Is the bloom coming off the rose?
Paul Koch, MD, wrote an editorial for Ophthalmology Management (March 2018, p. 16) titled “You may want to think twice about private equity.” The subtitle was, “Every positive has a negative, and PE is no exception.” His practice was one of the first to sell to a private equity company. As time went by, he noted the lack of long-term planning because of the short-term profit mentality. He noted that “requests for equipment and facilities that would enhance the practice over the long term stalled.” His practice is now with a different company with a different model.
Another quote from his editorial: “Once this model achieves national penetration, it’s hard for me to see why any medical group would go the PE route and be subjected to short-term practice management instead of long-term stability; senior partner cash-out versus all doctors having skin in the game.”
Clearly, there is a lot to consider before embarking on such a journey, if one wants to go there at all.
What to do?
Plan, plan, plan. Due diligence to the max.
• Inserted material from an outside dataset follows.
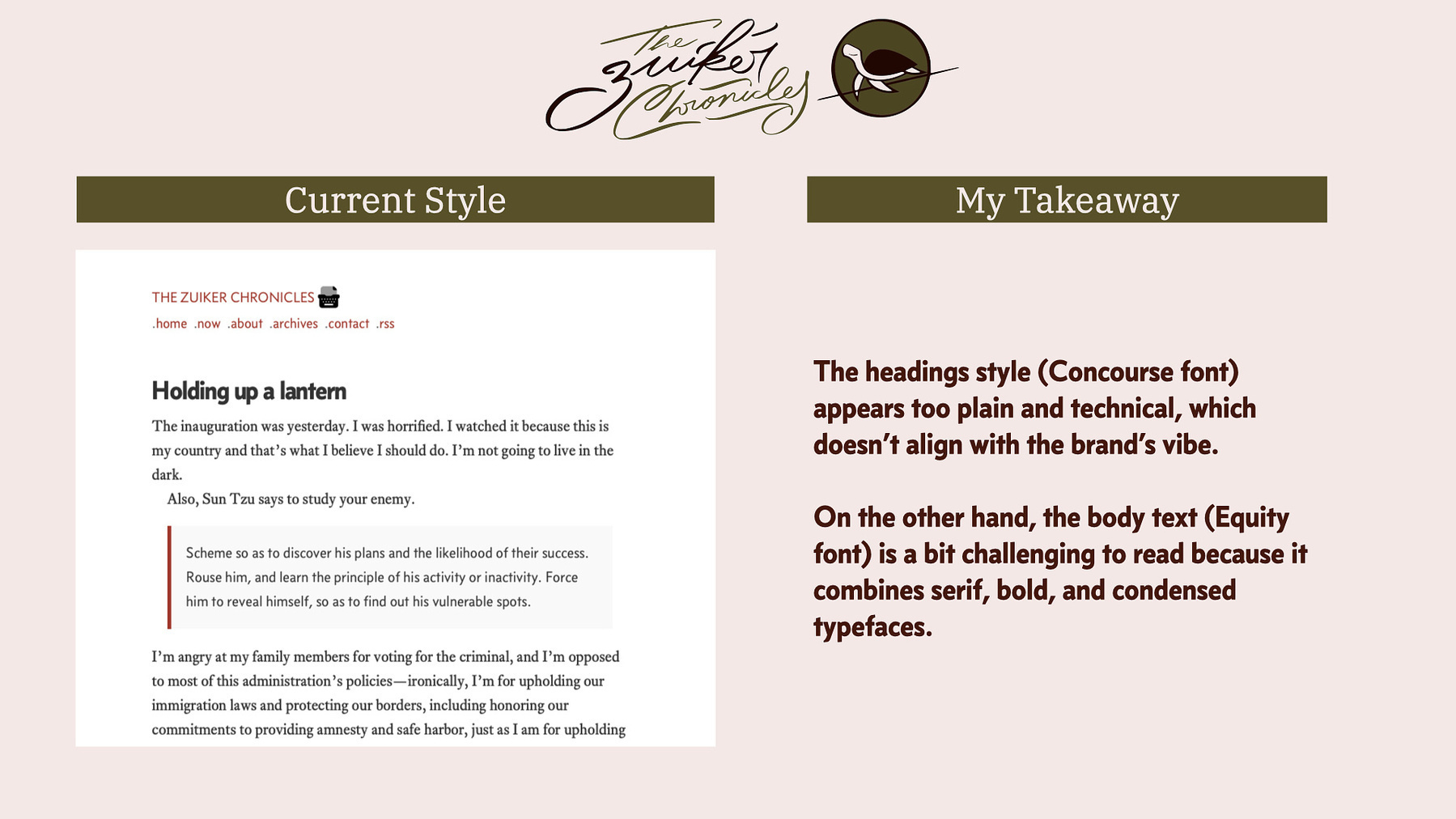 My analysis on current the old typefaces used on his website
The article last year listed reasons why a private equity buyout might be right for a given practice. The doctors in a practice need to engage in considerable long-term planning before deciding to go with a buyout. Be sure you know the model the company employs and whether you can live with the constraints, whatever they may be, as well as the reduced future income. Be sure the details are fair to all doctors in the practice, young and old. In fact, you should have a plan to attract new doctors to the practice. Have an idea of how the change in ownership will affect the culture of your practice and the care of patients.
Get advice from attorneys and other advisors. Matt Owens, a corporate partner at Arnold & Porter in Washington, D.C., says, “While PE firms and other potential partners will be doing their due diligence on the physician practice, the physician practice likewise needs to do its due diligence on its potential partner. It’s not always about the money; you want to make sure you and your new partner share the same vision with respect to the future of your practice and how it will grow and be managed.” Be savvy with your choice of attorneys and be sure there is specific experience in the area of practice buyouts. Investment bankers and practice brokers can be very expensive so get the fees set ahead of your engagement.
Doctors should talk to as many other doctors as possible. Reach out to unhappy people as well as happy ones. You want to discover problems. Some ophthalmologists have been squeezed out of their practice with nowhere to go. They may have received a nice sum of money, but does that compensate for losing their practice?
Be aware that some doctors enmeshed in a new entity may not be able to be totally frank and open for legal reasons such as a nondisparagement clause or the desire to maintain the financial health of their new company. Such doctors could be heavily invested in the company you are considering with a consequent conflict of interest. Your due diligence should be extensive.
After long-term strategic planning, getting advice from knowledgeable attorneys and other advisors, you may decide private equity is the way for your practice to thrive. Or, you may not. Selling now is not imperative. Some practices need time to grow on their own before considering this option. Whether you sell or hold, we wish you the best.